For over 30 years I’ve been documenting the overlooked landscapes and man-made artifacts of everyday life. I’ve photographed with a curiosity for what these scenes tell us about the culture that we live in, and with the hope that my imagery will encourage the viewer to look at their world with a new appreciation for the significance of the typically unnoticed.
In 1999, with the capabilities provided by digital photography, I began to work with multiple images printed in grids; images that could be something painted on a wall, a derelict sign, or a praying mantis on a shirt sleeve; in short just about anything. While assembling images for the resulting series, “Artifacts”, I noticed that some vertical pairings stood out; they had charisma. It was hard to forget these compelling twosomes, so for the next series I sought more of these pairings. The resulting series “Dyads” introduced, and the current work “Dyads II” revisits, the approach.

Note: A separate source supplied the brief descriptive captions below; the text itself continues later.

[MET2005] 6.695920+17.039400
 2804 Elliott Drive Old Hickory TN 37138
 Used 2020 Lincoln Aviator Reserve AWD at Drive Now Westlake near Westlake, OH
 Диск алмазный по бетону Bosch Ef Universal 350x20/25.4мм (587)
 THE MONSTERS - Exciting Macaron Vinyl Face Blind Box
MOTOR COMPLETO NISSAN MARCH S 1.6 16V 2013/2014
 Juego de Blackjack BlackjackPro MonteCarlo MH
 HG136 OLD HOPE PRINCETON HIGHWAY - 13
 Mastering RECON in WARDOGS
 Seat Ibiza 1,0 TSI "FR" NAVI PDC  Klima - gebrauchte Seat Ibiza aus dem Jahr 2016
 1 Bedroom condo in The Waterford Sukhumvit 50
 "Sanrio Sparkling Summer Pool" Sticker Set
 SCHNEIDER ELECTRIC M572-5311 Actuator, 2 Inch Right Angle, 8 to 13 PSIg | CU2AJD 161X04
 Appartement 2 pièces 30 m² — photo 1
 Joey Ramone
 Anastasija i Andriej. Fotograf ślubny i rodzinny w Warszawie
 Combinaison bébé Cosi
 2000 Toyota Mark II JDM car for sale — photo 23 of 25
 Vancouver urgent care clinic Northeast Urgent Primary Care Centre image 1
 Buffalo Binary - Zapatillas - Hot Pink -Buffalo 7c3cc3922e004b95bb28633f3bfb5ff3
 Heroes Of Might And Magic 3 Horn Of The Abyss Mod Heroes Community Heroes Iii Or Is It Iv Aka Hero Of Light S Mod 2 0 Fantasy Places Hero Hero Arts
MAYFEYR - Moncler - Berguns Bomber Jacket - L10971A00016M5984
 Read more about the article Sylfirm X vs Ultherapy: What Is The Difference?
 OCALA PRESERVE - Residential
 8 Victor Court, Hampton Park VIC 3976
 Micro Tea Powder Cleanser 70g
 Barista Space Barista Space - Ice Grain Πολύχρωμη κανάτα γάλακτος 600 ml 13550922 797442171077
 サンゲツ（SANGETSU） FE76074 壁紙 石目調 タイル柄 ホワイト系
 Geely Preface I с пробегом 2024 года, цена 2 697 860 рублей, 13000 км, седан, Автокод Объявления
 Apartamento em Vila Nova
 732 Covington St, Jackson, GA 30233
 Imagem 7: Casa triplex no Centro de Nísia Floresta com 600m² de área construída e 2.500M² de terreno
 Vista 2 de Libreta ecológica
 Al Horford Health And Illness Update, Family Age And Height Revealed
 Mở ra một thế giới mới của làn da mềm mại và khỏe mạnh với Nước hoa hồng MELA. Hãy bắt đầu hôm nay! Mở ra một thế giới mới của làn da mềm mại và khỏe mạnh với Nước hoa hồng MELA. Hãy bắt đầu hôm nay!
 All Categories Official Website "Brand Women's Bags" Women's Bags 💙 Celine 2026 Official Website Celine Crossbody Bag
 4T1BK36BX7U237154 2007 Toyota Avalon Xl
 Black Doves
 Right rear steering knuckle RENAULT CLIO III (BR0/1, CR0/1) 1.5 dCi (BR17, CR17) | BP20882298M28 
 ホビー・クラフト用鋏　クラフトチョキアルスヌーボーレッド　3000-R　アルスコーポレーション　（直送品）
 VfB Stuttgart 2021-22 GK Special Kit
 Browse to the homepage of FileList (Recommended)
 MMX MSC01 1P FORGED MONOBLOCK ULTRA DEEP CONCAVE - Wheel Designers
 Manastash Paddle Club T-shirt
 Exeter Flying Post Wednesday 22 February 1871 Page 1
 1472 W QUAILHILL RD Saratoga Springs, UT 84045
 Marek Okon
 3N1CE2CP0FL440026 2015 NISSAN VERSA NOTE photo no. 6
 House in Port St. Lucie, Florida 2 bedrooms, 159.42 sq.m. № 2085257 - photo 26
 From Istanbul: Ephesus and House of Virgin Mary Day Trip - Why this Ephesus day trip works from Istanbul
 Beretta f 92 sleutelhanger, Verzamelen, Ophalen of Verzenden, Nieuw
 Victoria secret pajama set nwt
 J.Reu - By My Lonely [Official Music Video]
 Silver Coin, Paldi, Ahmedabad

Together the paired images create something that was not suggested by a single scene alone, and certainly not anticipated when either was shot. Many analogies come to mind. I think about two people in a couple, two voices in a duet, or two dishes comprising a meal. And there’s a formalist impulse at work here too: colors and shapes playing off each other; tangents continued. Sometimes symbols and metaphors are juxtaposed. But the main question for a given composition is, does it work visually.
My hope is to create something unexpected that speaks to the viewer in a way that either image alone, or indeed any single image, can’t.